Named entity recognition is a sub task of information extraction that seeks to locate and classify atomic elements or facts in text into predefined categories such as the names of persons, organizations, locations, expressions of times, quantities, monetary values, percentages, etc. User trainable named entity extractor is a project on named entity recognition. Named entity recognition comes under the field of Natural Language Processing of the branch of Artificial Intelligence. The goal of the project is to develop a user trainable tool which can extract named entities from an unstructured text. Various domains will have various set of entities. Using regular expressions, specifications for the rules as per the set of possible strings that the user wants to match is made. Pattern Matching involves a search for the required entity through the various sentences in the given text. If a match is found, then the obtained match will be highlighted else there will be no change to the document.
Two major areas of User Trainable Fact extraction system are information retrieval (IR) and information extraction (IE). Objective of IR system is to collect documents from a huge collection which matches the search query we feed into the system. Once IR fetches the documents, IE does a detailed analysis on the filtered documents. It is the duty of IE to locate the exact position of the information in the document an extract it.

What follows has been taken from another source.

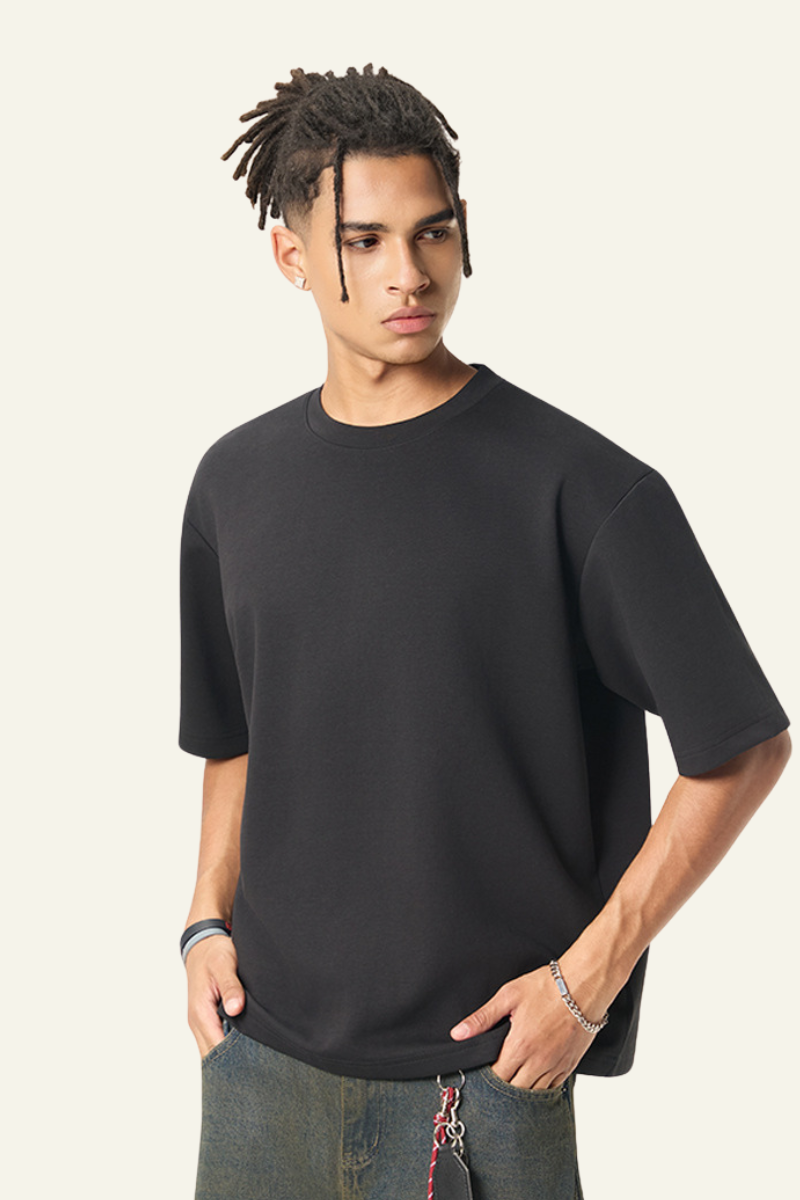 Men’s Streetwear Relaxed  Solid T-shirt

User interact with Wouter’s Annotating Tool (WAT) to create annotations and to read the annotations found by UTFE system. WAT also directs the IE process and communication with the database, because WAT is the only component in the UTFE system that is having an interface with other components. WAT is the main component which controls the entire UTFE system. Only drawback with WAT is that it is not possible for multiple users to access the database at the same time.

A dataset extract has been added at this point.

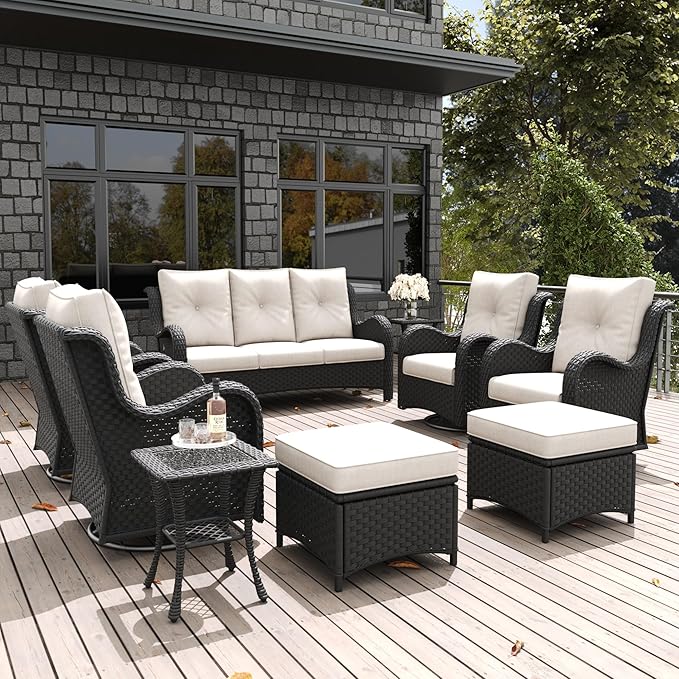LayinSun 9 Pieces Outdoor Patio Furniture Set, Rattan Wicker Sectional Swivel Rocker Chairs Sets with Ottomans, Swivel Glider Chairs and Coffee Table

The database stores the annotation, document, fact, user and ontology data. This makes UTFE capable of dealing with multiple users. Annotations and the ontology are stored in the same manner as WAT annotations and ontologies.

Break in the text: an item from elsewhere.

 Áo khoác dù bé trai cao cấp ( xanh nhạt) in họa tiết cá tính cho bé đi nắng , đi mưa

Xenon is used to find similar documents as the documents annotated by the user and to perform IR task in the UTFE system. The UTFE system will guide Xenon and feed it with enough information. In the current setup it is difficult to check whether Xenon returns the right documents. Because the system does not offer the possibility to give feedback to Xenon, the user cannot tell the system that it is giving incorrect documents. If the user cannot give feedback, it is impossible to evaluate the performance of Xenon.